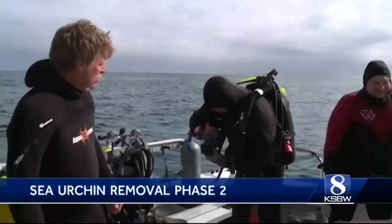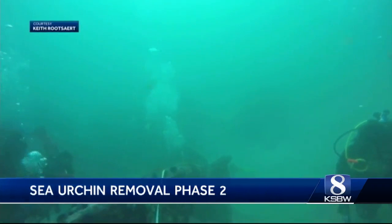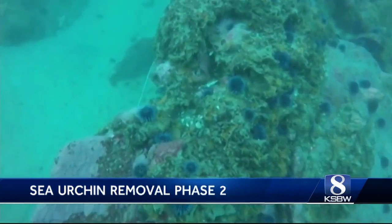There is a problem in the bay: a specific invasive species of purple sea urchins. This weekend, divers with the nonprofit Reef Check will begin the next phase of removal. This involves culling the urchins — killing them off by smashing them with a tool — in order to restore kelp and sea life.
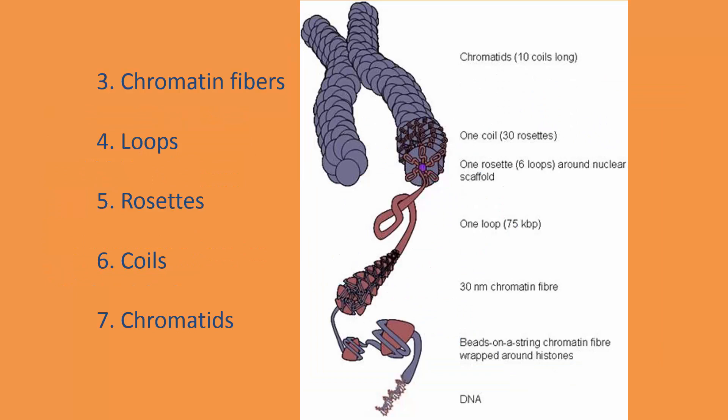Step three: we have our DNA going into nucleosomes, and then forming chromatin fibers. You can see it wraps a bit more into these fibers. So the progression goes: we start with DNA, wrap around histones to form nucleosomes, then chromatin fibers, then loops, then rosettes, then coils, and finally we get our chromatid. It just winds and winds and winds upon itself until we get these really tightly packed chromatids.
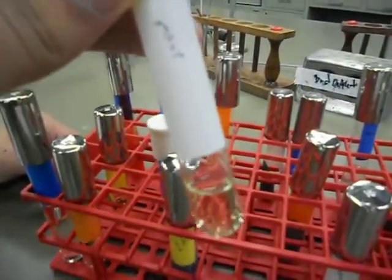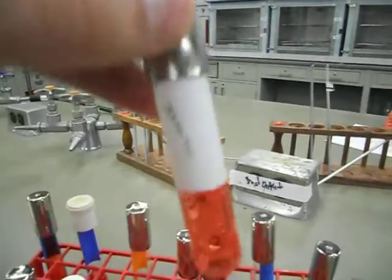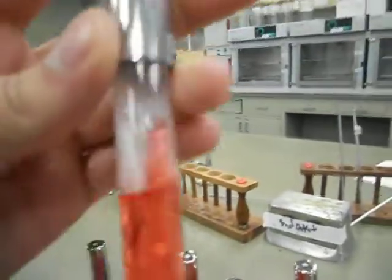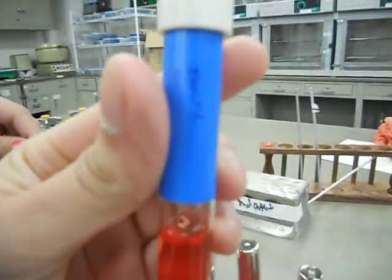MRVP — it looks like nutrient broth. Mannitol, it's red. Is there a tube in it? Yeah, for glucose and lactose. There's the glucose — same thing. Glucose is the same thing.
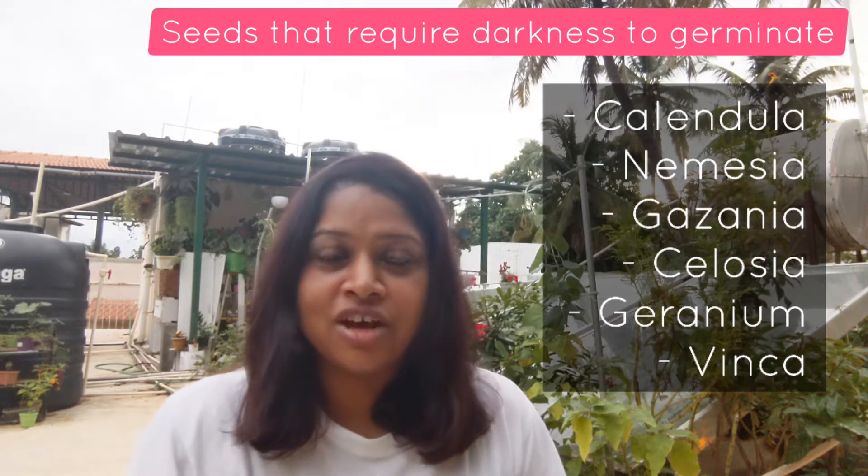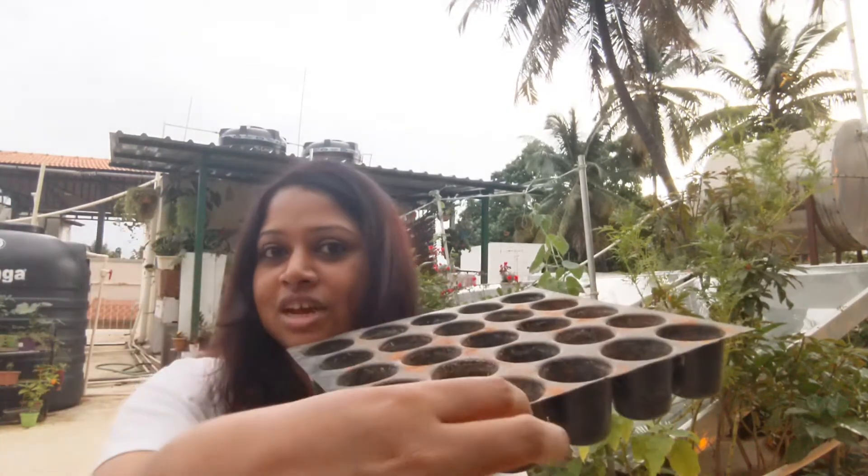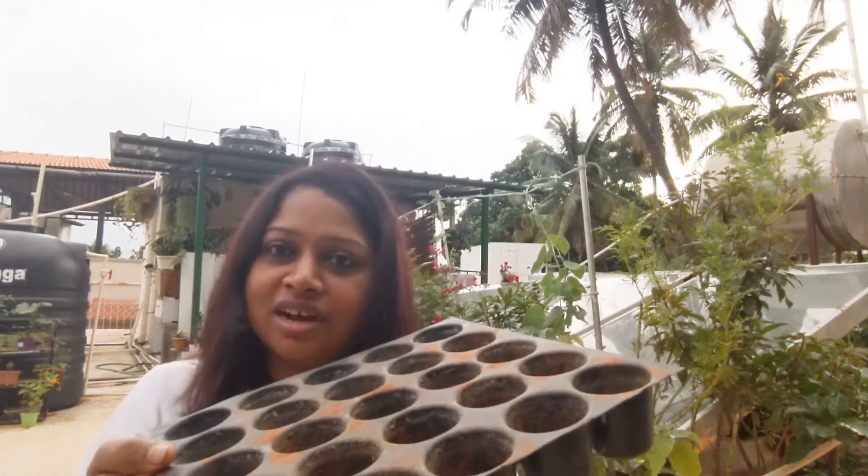Before sowing your seeds, it's very important to know which seeds require light to germinate and which require darkness. Certain seeds — like calendula, vinca, and daisy — require darkness to germinate. I currently have an issue: one row has vinca, and germination rates are very poor because they require darkness and I placed them with seeds that require light. I should have covered only that area with an opaque object or kept it in a dark area. Please don't make that mistake — research your seeds before sowing them together.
○ ○ ○
Problem details: The lines from the beginning of the listing above through the line holding "MRVP — it looks" are to be duplicated exactly, and the pictures omitted.

Answer for the task:
There is a problem in the bay: a specific invasive species of purple sea urchins. This weekend, divers with the nonprofit Reef Check will begin the next phase of removal. This involves culling the urchins — killing them off by smashing them with a tool — in order to restore kelp and sea life.
Step three: we have our DNA going into nucleosomes, and then forming chromatin fibers. You can see it wraps a bit more into these fibers. So the progression goes: we start with DNA, wrap around histones to form nucleosomes, then chromatin fibers, then loops, then rosettes, then coils, and finally we get our chromatid. It just winds and winds and winds upon itself until we get these really tightly packed chromatids.
MRVP — it looks like nutrient broth. Mannitol, it's red. Is there a tube in it? Yeah, for glucose and lactose. There's the glucose — same thing. Glucose is the same thing.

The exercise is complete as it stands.